Unified Attention Modeling for Efficient Free-Viewing and Visual Search via Shared Representations
This work addresses computational efficiency for human attention modeling in computer vision, though it is incremental as it builds upon an existing transformer-based method.
The paper tackled the problem of whether free-viewing and visual search attention models can share a common representation, and found that a model trained on free-viewing can transfer to visual search with only a 3.86% performance drop in predicted fixation scanpaths, while reducing computational costs by 92.29% in GFLOPs and 31.23% in parameters.

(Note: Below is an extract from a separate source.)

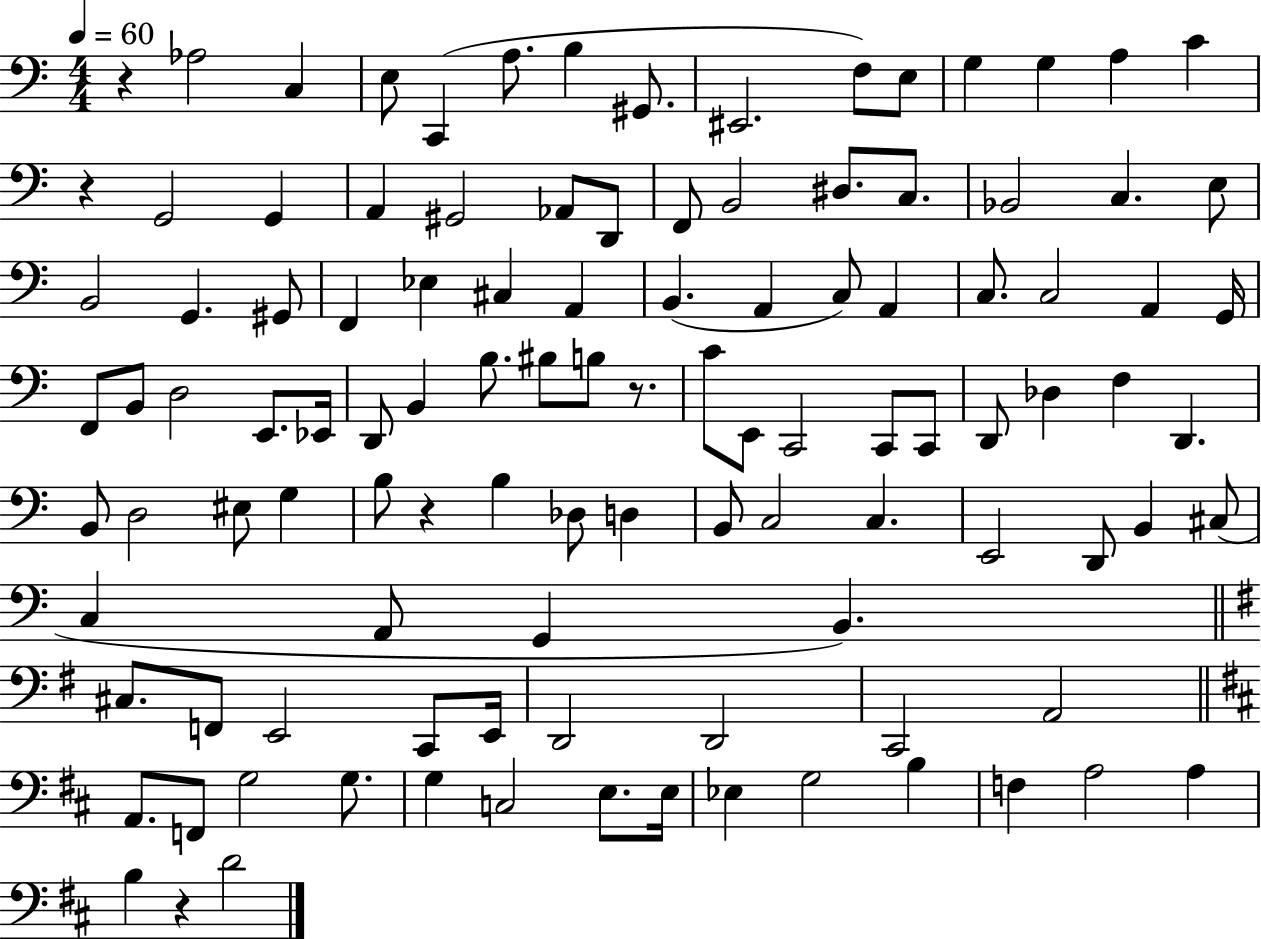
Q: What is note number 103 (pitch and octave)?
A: A3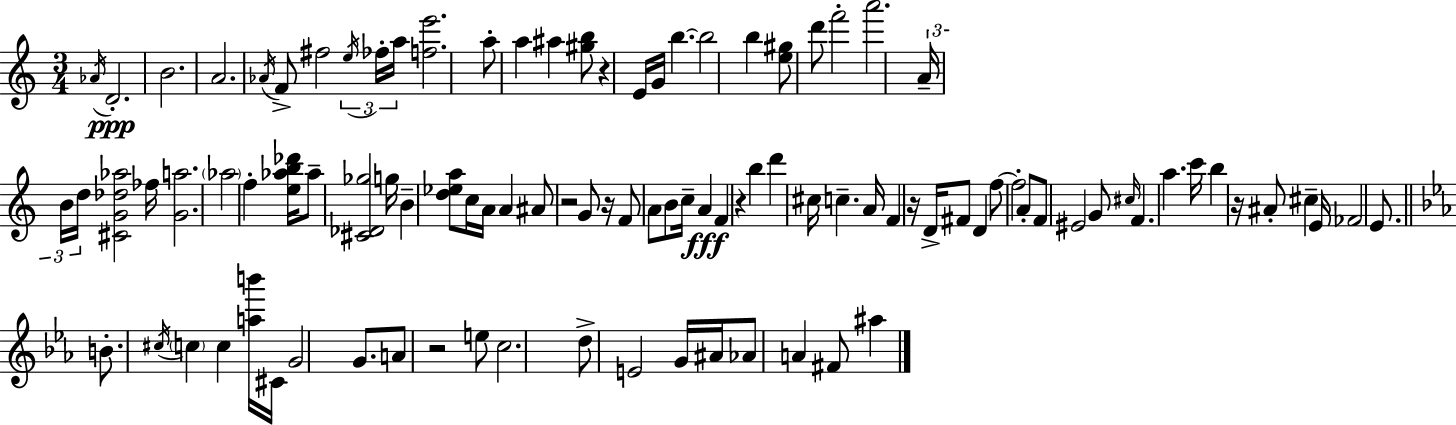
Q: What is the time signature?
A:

Computational human attention modeling in free-viewing and task-specific settings is often studied separately, with limited exploration of whether a common representation exists between them. This work investigates this question and proposes a neural network architecture that builds upon the Human Attention transformer (HAT) to test the hypothesis. Our results demonstrate that free-viewing and visual search can efficiently share a common representation, allowing a model trained in free-viewing attention to transfer its knowledge to task-driven visual search with a performance drop of only 3.86% in the predicted fixation scanpaths, measured by the semantic sequence score (SemSS) metric which reflects the similarity between predicted and human scanpaths. This transfer reduces computational costs by 92.29% in terms of GFLOPs and 31.23% in terms of trainable parameters.